====== Information shown

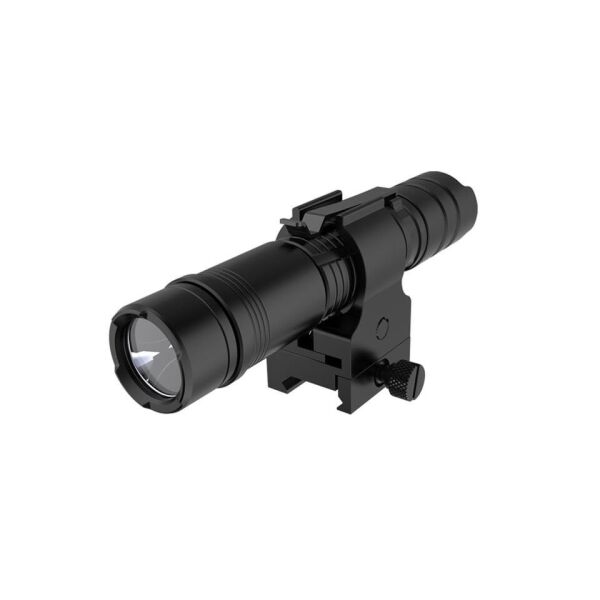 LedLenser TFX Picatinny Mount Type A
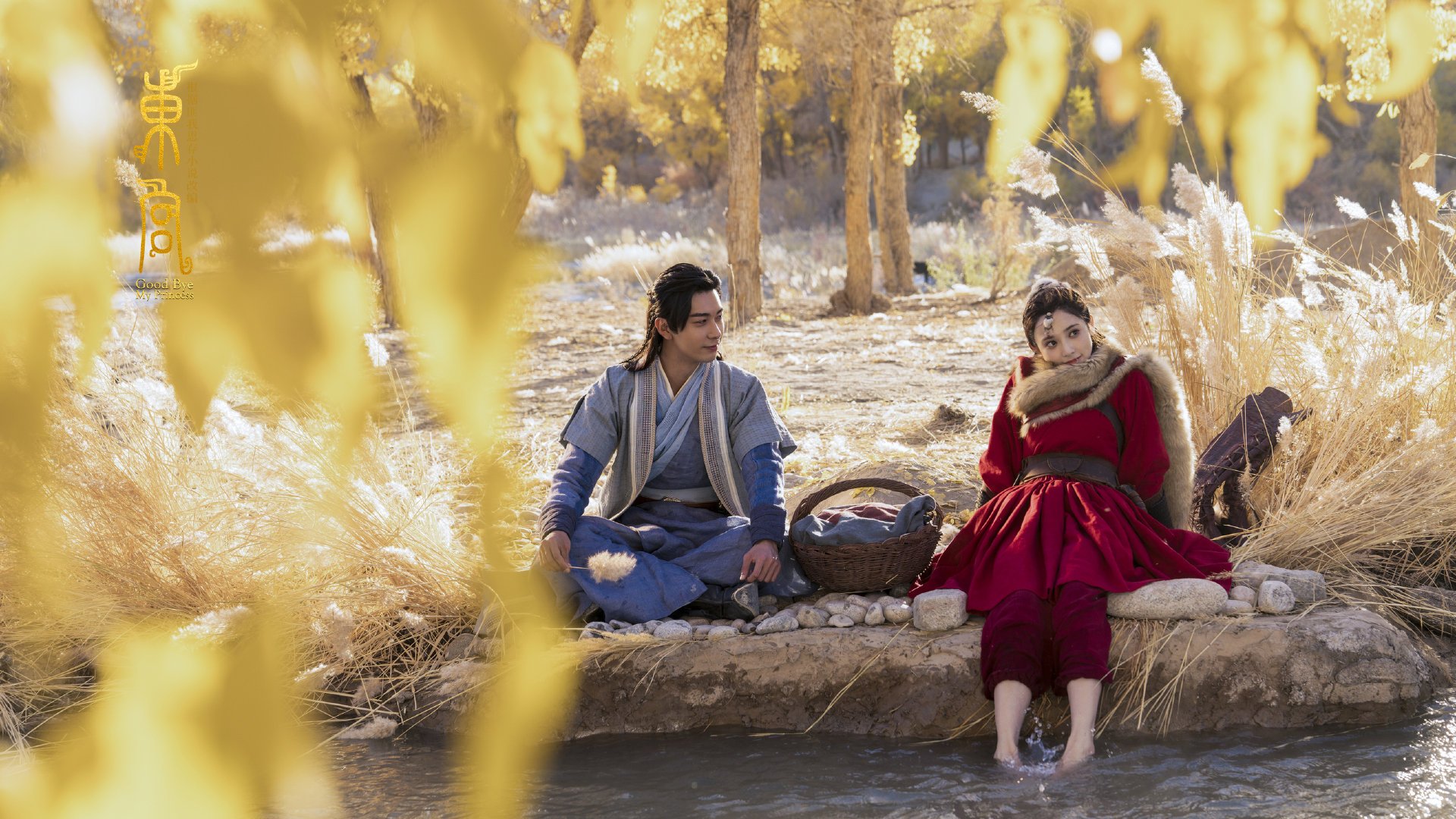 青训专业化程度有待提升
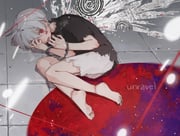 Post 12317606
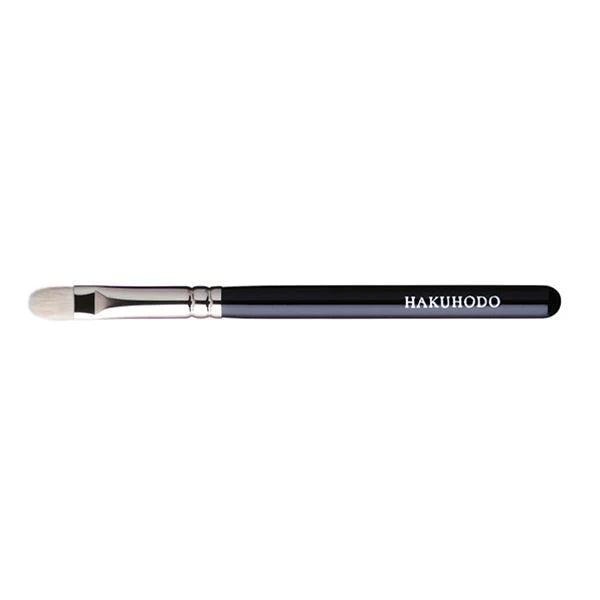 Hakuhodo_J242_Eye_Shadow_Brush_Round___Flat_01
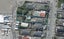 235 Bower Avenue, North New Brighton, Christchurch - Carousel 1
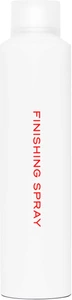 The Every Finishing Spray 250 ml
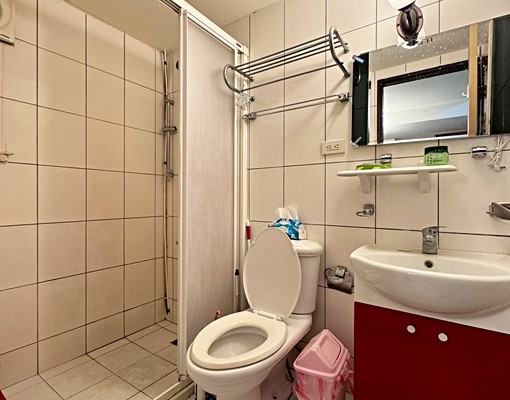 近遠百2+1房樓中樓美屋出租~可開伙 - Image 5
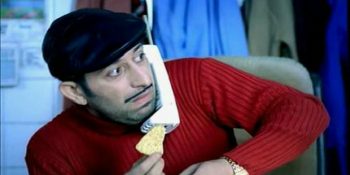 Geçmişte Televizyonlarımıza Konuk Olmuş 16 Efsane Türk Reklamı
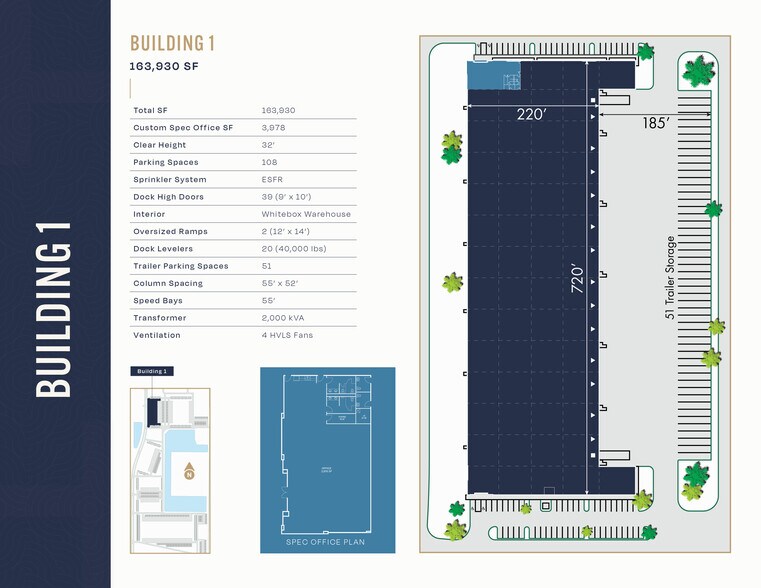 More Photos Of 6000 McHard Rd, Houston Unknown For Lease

============

#### Problem requirements
Look above for the line containing "Geçmişte Televizyonlarımıza Konuk", then retype it and each line after it to the end of the records, exactly and without pictures.

#### Result
 Geçmişte Televizyonlarımıza Konuk Olmuş 16 Efsane Türk Reklamı
 More Photos Of 6000 McHard Rd, Houston Unknown For Lease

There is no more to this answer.